Dataset extract:
○ ○ ○ ○ ○
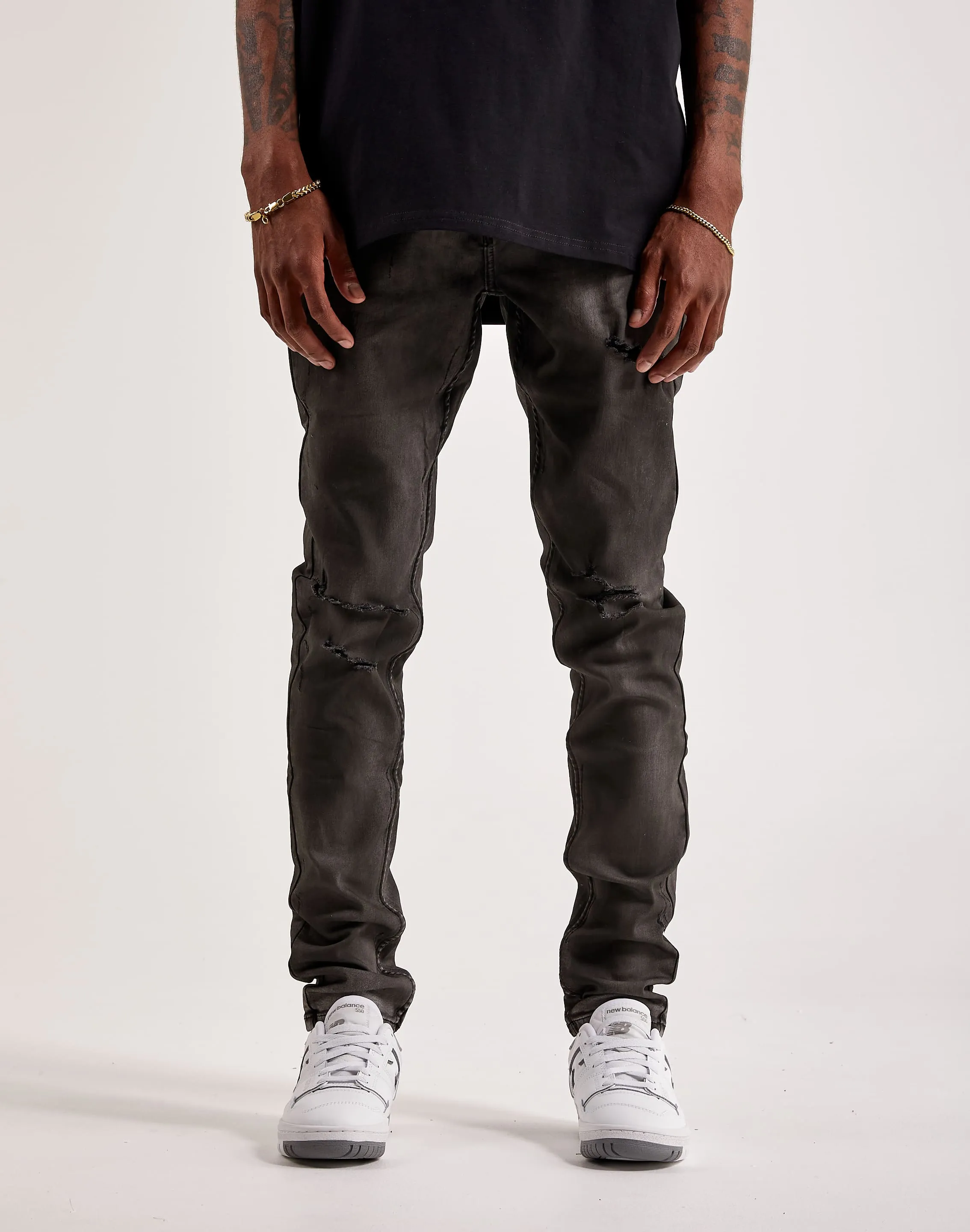 Serenede Coated Jeans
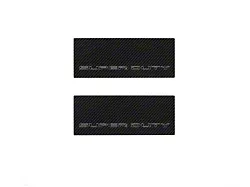 Rear Door Sill Protection with Super Duty Logo; Raw Carbon Fiber; Black and Gray (17-24 F-250 Super Duty SuperCrew)
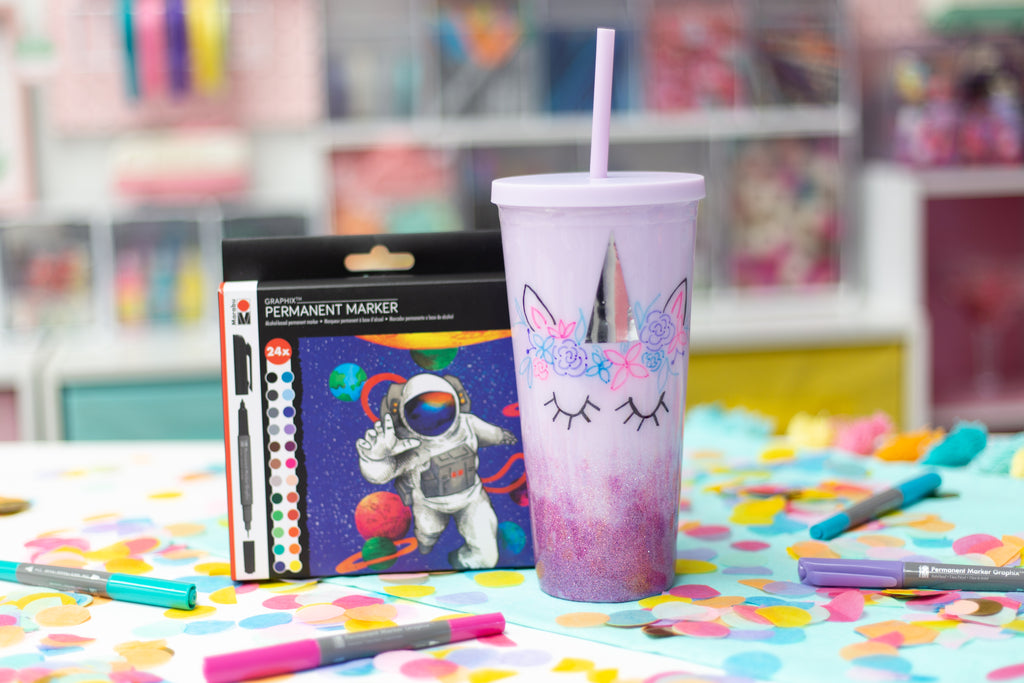 DIY Unicorn Tumbler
○ ○ ○ ○ ○
Inclusive range, exact copy: the line containing "Rear Door Sill" through the last line of the listing. Print nothing else, and no pictures.

 Rear Door Sill Protection with Super Duty Logo; Raw Carbon Fiber; Black and Gray (17-24 F-250 Super Duty SuperCrew)
 DIY Unicorn Tumbler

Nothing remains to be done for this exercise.